一是传统制造业产业结构有待优化,不平衡问题应予以重视。我国传统制造业的总体规模庞大,石化化工、钢铁、有色、建材、机械、汽车、轻工、纺织等传统制造业增加值占全部制造业的比重近80%①。然而,就传统制造业的内部组成结构而言,仍然集中在劳动密集型和能源密集型等价值链低端环节,生产效率、技术含量和附加值相对较低②,存在低端供给过剩和高端供给不足并存的困境。这在一定程度上阻碍了我国传统制造业在国际市场得到更高的定价权和利润空间,在全球价值链体系中的竞争力面临挑战。探索如何通过优化产业结构布局,提升产业附加值与技术含量,逐步向价值链高端环节攀升,已成为我国传统制造业发展的当务之急。此外,部分传统制造业尚未告别发展老路,与新发展阶段的要求不匹配,也是产业结构有待进一步优化的重要表现。具体包括数字化和绿色化两个方面。就数字化而言,近年来我国制造业数字化转型步伐加快,但与一些发达国家相比仍存在差距。根据中国信息通信研究院相关数据,2022年我国工业数字经济渗透率为24.0%③。相比之下,2022年德国、韩国的工业数字经济渗透率超过40%,全球51个主要经济体工业数字经济增加值占行业增加值比重为24.7%④。就绿色化而言,我国传统制造业仍是碳排放的主要来源。具体而言,我国传统制造业主要是以石化化工、钢铁、有色金属等为代表的能源密集型产业,能耗和排放量相对较高。以石化化工产业为例,截至2020年底,该行业碳排放总量接近14亿吨,占全国碳排放总量的12%⑤。

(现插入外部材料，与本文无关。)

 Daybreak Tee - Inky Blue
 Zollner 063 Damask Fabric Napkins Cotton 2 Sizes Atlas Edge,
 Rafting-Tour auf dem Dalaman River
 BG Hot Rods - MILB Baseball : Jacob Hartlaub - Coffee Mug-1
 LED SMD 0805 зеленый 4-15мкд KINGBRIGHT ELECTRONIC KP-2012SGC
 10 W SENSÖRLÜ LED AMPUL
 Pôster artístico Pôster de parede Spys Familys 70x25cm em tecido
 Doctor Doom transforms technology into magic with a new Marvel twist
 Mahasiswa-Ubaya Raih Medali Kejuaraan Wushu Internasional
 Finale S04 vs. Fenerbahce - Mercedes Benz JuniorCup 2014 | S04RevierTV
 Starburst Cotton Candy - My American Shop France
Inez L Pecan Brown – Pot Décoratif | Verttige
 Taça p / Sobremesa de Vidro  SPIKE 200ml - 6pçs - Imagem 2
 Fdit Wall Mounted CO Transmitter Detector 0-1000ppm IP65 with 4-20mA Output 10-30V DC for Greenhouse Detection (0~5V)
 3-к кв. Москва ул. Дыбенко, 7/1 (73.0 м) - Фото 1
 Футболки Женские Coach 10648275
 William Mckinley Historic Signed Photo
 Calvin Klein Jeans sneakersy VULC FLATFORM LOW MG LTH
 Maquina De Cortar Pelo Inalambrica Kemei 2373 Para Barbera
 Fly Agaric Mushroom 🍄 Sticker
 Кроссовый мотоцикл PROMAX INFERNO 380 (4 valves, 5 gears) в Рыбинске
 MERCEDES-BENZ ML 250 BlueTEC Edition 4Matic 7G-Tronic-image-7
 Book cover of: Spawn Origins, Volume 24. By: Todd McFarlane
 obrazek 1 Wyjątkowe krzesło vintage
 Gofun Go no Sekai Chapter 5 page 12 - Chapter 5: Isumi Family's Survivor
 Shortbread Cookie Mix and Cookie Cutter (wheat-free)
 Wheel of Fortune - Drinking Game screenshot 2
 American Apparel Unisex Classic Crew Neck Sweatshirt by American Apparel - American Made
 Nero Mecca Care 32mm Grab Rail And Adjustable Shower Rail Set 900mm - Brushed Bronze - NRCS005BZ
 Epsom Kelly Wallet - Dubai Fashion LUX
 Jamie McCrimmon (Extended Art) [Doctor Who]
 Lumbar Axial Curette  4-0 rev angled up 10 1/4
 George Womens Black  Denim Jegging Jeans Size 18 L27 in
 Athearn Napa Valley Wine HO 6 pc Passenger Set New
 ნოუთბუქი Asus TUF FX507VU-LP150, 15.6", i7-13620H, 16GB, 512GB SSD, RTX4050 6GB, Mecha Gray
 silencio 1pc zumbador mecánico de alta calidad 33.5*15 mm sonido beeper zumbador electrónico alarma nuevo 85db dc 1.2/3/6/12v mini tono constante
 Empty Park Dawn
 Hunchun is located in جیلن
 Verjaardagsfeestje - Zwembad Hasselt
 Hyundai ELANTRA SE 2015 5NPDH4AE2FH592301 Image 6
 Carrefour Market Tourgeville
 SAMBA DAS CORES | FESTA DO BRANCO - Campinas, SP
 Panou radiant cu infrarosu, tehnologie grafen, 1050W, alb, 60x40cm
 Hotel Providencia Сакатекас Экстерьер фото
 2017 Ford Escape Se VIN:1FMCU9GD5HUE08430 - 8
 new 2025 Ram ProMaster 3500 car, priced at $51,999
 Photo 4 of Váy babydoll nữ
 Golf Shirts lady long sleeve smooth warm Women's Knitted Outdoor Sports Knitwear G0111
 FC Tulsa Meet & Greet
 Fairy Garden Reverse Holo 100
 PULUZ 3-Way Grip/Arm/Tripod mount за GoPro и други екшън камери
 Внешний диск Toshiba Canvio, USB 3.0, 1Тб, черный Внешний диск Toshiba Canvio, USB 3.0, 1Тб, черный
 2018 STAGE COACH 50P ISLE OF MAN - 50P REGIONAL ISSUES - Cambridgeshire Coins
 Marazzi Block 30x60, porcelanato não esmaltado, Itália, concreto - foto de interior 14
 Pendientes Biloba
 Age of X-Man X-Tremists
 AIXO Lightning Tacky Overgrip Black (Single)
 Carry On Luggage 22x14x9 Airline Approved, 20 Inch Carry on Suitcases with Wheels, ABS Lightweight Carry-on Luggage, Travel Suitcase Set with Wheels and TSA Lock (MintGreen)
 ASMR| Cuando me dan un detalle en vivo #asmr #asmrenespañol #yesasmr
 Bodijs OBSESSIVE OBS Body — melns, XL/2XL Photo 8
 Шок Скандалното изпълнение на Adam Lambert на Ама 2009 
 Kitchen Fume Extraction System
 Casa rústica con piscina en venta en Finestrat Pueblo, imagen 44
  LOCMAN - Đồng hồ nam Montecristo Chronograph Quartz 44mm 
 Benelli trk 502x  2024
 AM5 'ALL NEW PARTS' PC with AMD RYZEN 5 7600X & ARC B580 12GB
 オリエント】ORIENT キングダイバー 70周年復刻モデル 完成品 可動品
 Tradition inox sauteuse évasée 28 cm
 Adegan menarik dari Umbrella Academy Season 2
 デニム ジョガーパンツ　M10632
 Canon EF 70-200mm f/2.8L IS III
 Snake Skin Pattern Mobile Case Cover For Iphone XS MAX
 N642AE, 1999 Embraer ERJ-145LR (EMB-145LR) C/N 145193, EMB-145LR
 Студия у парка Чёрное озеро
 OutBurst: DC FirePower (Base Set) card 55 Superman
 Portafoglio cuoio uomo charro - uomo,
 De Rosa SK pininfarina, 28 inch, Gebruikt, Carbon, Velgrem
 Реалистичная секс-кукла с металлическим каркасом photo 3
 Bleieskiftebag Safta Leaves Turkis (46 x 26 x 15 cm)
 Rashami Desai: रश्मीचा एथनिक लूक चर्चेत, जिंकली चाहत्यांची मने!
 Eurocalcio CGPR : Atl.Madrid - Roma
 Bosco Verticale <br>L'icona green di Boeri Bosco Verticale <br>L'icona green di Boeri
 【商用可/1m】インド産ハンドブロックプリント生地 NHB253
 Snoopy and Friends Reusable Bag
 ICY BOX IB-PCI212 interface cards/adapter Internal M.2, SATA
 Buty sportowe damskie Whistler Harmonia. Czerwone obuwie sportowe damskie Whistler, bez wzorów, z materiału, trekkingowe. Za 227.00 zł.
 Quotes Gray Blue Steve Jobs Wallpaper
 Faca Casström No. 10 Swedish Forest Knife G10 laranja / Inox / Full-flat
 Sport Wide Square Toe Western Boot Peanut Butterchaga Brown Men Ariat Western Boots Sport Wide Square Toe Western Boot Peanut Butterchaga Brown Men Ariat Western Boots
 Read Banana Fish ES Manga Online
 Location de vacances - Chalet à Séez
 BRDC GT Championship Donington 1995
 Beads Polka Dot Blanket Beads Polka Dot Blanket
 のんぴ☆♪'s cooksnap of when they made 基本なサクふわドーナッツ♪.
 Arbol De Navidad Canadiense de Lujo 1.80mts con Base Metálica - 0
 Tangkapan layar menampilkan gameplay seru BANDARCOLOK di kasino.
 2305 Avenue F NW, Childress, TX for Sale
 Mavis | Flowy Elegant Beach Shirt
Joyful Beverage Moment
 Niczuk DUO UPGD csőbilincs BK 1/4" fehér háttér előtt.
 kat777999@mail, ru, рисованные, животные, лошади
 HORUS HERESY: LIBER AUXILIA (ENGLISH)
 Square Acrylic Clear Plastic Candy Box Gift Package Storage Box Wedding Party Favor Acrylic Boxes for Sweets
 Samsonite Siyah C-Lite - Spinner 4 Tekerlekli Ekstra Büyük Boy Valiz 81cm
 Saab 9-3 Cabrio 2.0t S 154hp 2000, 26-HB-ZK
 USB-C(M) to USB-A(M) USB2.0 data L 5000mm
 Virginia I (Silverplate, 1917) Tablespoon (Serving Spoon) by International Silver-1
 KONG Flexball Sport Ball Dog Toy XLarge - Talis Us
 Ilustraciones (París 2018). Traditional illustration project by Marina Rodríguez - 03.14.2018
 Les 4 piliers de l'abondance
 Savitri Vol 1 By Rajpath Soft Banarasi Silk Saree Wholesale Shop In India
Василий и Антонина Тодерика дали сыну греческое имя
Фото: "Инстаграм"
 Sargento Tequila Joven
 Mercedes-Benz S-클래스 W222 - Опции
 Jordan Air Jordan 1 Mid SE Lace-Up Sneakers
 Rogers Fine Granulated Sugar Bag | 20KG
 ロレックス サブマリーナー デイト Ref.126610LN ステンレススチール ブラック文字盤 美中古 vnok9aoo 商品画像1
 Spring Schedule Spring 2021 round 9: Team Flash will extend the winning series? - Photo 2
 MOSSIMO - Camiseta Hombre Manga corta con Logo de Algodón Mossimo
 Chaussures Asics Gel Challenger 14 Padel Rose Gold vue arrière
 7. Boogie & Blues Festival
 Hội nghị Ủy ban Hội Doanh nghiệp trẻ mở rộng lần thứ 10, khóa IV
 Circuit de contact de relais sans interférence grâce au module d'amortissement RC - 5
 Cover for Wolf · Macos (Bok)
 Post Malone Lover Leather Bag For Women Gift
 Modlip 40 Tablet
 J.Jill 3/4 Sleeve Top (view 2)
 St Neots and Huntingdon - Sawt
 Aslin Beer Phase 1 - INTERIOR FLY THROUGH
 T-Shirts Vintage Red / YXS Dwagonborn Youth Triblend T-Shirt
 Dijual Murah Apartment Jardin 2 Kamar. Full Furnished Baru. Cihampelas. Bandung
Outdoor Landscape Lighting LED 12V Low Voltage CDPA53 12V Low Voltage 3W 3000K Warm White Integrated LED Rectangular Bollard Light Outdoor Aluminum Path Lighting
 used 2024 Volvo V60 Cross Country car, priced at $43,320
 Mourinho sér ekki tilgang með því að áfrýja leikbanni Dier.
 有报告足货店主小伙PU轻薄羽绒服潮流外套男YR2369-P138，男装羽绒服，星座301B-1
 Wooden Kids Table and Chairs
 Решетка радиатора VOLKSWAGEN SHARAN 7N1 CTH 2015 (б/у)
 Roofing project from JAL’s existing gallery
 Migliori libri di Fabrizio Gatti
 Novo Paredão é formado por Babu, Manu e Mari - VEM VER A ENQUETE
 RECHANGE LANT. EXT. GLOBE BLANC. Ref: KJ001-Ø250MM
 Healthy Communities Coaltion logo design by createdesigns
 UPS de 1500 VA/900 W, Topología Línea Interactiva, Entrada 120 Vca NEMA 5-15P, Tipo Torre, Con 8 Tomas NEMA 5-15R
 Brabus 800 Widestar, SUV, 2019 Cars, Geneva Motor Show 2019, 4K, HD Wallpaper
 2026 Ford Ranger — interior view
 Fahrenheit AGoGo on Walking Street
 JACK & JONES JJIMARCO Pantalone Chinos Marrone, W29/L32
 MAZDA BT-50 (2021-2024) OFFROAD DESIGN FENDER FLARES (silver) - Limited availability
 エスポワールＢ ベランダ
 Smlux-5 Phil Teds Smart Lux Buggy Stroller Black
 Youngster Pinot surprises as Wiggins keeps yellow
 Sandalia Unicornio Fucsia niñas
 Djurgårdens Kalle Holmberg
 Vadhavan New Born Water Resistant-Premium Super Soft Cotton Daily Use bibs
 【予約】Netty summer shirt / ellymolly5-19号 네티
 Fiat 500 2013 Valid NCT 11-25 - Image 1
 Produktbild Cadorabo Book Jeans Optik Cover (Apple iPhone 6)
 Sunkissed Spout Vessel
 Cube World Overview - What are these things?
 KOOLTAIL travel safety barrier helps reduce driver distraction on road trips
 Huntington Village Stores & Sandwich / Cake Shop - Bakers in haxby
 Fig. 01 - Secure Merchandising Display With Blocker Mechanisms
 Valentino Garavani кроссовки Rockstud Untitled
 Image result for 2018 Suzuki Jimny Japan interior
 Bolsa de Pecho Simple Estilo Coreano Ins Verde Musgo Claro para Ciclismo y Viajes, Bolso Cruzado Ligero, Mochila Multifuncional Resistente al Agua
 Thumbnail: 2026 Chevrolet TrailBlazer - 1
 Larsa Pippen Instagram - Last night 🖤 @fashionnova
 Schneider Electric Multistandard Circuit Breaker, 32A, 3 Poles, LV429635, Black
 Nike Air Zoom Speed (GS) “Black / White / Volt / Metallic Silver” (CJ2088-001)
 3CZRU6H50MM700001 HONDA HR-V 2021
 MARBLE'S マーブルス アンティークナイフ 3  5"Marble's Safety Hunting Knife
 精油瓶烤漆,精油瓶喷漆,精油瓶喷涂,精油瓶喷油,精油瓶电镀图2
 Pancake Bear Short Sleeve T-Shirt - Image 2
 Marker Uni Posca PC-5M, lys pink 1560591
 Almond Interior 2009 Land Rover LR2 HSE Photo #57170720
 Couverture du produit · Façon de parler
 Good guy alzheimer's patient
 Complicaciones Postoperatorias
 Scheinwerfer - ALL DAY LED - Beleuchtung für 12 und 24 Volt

二是部分关键核心环节面临技术掣肘,“卡脖子”问题较为突出。我国部分关键设备和核心技术仍依赖进口。同时,一些西方国家对我国高科技产业进行围堵、打压,导致“卡脖子”问题成为高质量发展和产业链供应链安全稳定的隐患。以多数制造业产业链上游环节的数控机床为例,在整机可靠性方面,国产高档数控机床平均无故障时间约2000小时,而国际上机床强国整机可靠性时间可达5000小时;在精度方面,国际先进水平的超精密机床具有小于1μm的定位精度,而我国目前用于精密加工机器的加工精度约为2—5μm。核心技术上的差距导致我国中高端数控机床仍依赖进口。虽然2022年我国机床进出口数量为9.29万台,但每台设备的均价却达到7.71万美元,表明我国高端机床产业的国际竞争力有待提升。技术掣肘还源于科技成果的产业转化率不高,自主创新和协同创新水平有待提升。此外,由于研发与生产的创新协调机制尚不完善,我国科技成果实际应用于制造业产业的转化率不高。一些科研机构和高等院校的科研成果仅停留在研发环节,并未实际应用于制造业产业化的过程中,导致科技成果与市场需求脱节。国家知识产权局《2022年中国专利调查报告》显示,我国高校发明专利实施率为16.9%,其中产业化率仅为3.9%。而美国高校成果转化率约为50%⑥。此外,高水平人才储备不足导致研发项目在关键节点上难以及时突破,对制造业发展造成阻碍。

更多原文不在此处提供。